Kuletakkan sekuntum mawar di atas makam Ina Essy, istriku, dan aku mulai berpikir tentang pensiun. Kubiarkan gerimis membasahi rambut, wajah, dan tubuhku. Dengan begitu, penjaga makam tidak melihat tetes-tetes air dari mataku. Hari ini genap satu bulan Ina Essy dimakamkan. Makam itu terletak di tengah perkampungan, di atas sebidang tanah yang letaknya lebih tinggi dari rumah-rumah penduduk. Pohon-pohon jati memberi bingkai lanskap pemakaman yang teduh, jauh dari kesibukan kota Yogyakarta. Kepergian Ina Essy yang begitu mendadak akibat pandemi covid-19 membawa luka dan duka yang mendalam bagiku dan bagi keempat anakku. Terutama si bungsu yang tak sempat memamerkan empat pasang seragam SMA-nya yang baru dijahitkan sang ibu.

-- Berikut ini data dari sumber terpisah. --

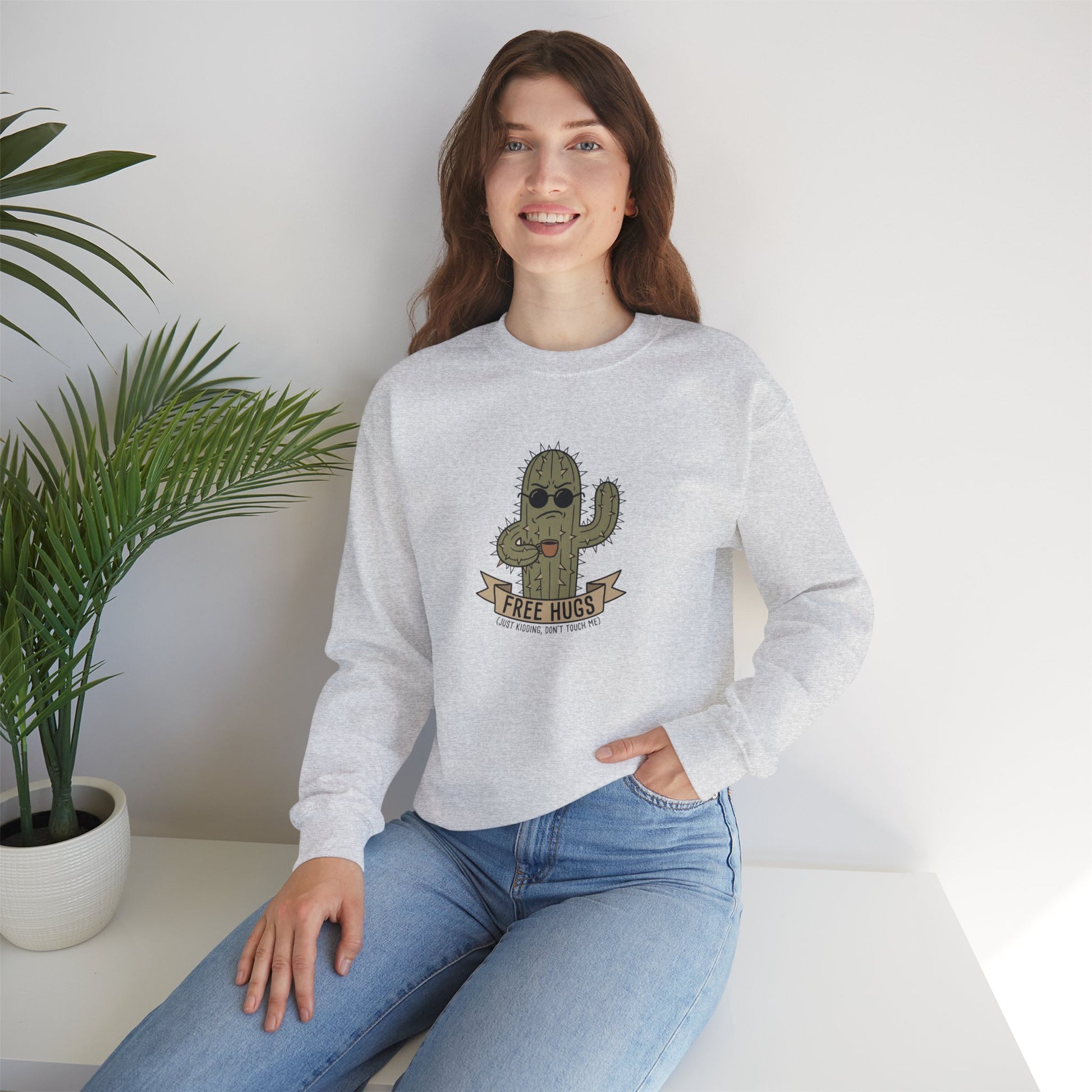Light grey sweatshirt with cartoon cactus wearing sunglasses and text "FREE HUGS".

Suasana makam seperti ini adalah saat yang tepat bagiku untuk memikirkan kehidupan, kematian, dan pensiun. Rasanya ingin sekali aku mengajak Ina Essy sekali lagi menemui para kerabatku di Ataili, berjalan di gang-gang kampung, menyatu dengan anak-anak yang berlarian dalam belukar di ladang-ladang petani jagung. Terbayang pada liburan lima tahun yang lalu Ina Essy begitu menyukai cahaya keemasan dari matahari Lembata menjelang petang. Ketika lonceng gereja berdetang enam kali, Ina Essy larut dalam doa Angelus bersama orang-orang kampung. Dari desa perbukitan itu, terlihat di bawah sana hamparan Laut Sawu dengan buih-buih ombak yang selalu gelisah memecah karang. Di selatan Lembata, ombak laut lebih besar dan tinggi menggulung ke tepian dengan suara menderu. Pada musim-musim tertentu, Laut Sawu dikunjungi puluhan bahkan ratusan ikan paus. Kini aku mengerti, mengapa Ina Essy begitu jatuh cinta pada Lembata: sayatan emas di kaki langit Labalekan telah mengurung mimpinya dalam cakrawala merah jambu.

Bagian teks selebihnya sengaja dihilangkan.